To assign the policy to the OU, click the correct OU in the Group Policy Management Console, select Link an Existing GPO, and then check the appropriate policy.

Tip. Don’t forget about the separate OU – Domain Controllers. In most cases the WSUS Server policy should be linked to this container.

You have to assign WorkstationWSUSPolicy to the AD container with the name WKS (where the Windows workstations are located) in the same way.

It remains to update the group policies on clients to bind the client to the WSUS server:

gpupdate /force

All Windows update settings that we have set via the group policies should appear on the client’s in registry key HKEY_LOCAL_MACHINE\SOFTWARE\Policies\Microsoft\Windows\WindowsUpdate.

The following reg file can be used to transfer WSUS settings to other computers on which you cannot configure update settings using GPO (computers in a workgroup, isolated segments, DMZ, etc.)

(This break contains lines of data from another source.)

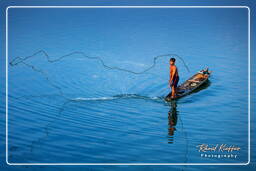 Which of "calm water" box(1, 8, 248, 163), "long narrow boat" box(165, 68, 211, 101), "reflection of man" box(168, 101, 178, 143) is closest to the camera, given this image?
"calm water" box(1, 8, 248, 163)

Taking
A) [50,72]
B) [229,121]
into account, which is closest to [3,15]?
[50,72]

Windows Registry Editor Version 5.00
[HKEY_LOCAL_MACHINE\SOFTWARE\Policies\Microsoft\Windows\WindowsUpdate]
"WUServer"="http://hq-wsus.woshub.com:8530"
"WUStatusServer"="http://hq-wsus.woshub.com:8530"
"UpdateServiceUrlAlternate"=""
"TargetGroupEnabled"=dword:00000001
"TargetGroup"="Servers"
"ElevateNonAdmins"=dword:00000000
[HKEY_LOCAL_MACHINE\SOFTWARE\Policies\Microsoft\Windows\WindowsUpdate\AU]
"NoAutoUpdate"=dword:00000000 –
"AUOptions"=dword:00000003
"ScheduledInstallDay"=dword:00000000
"ScheduledInstallTime"=dword:00000003
"ScheduledInstallEveryWeek"=dword:00000001
"UseWUServer"=dword:00000001
"NoAutoRebootWithLoggedOnUsers"=dword:00000001

It is also convenient to control the applied WSUS settings on clients using the rsop.msc snap-in.

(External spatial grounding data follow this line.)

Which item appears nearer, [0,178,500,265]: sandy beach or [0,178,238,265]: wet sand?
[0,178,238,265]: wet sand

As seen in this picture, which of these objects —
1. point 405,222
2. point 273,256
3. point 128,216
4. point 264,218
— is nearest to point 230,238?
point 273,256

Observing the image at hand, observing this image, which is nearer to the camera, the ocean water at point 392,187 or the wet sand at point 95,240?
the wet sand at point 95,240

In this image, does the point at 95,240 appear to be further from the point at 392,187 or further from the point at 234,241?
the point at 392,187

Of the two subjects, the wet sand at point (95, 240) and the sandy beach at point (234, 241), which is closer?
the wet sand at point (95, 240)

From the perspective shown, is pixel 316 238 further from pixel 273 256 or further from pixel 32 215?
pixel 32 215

In some time (it depends on the number of updates and bandwidth to the WSUS server) check if there is a pop-up notification of the new updates in the tray. Clients (the client’s name, an IP, an OS, patch percentage and the date of the last status update) should appear in the corresponding groups in the WSUS console. Since we assigned the computers and servers to the different WSUS groups using GPO, they will receive only the updates that are approved for installation on the corresponding WSUS groups.

wuauclt /detectnow

wuauclt /detectnow /resetAuthorization

In the next articles we’ll describe the peculiarities of the update approval on the WSUS server, and how to transfer approved updates between groups to a WSUS server using PowerShell.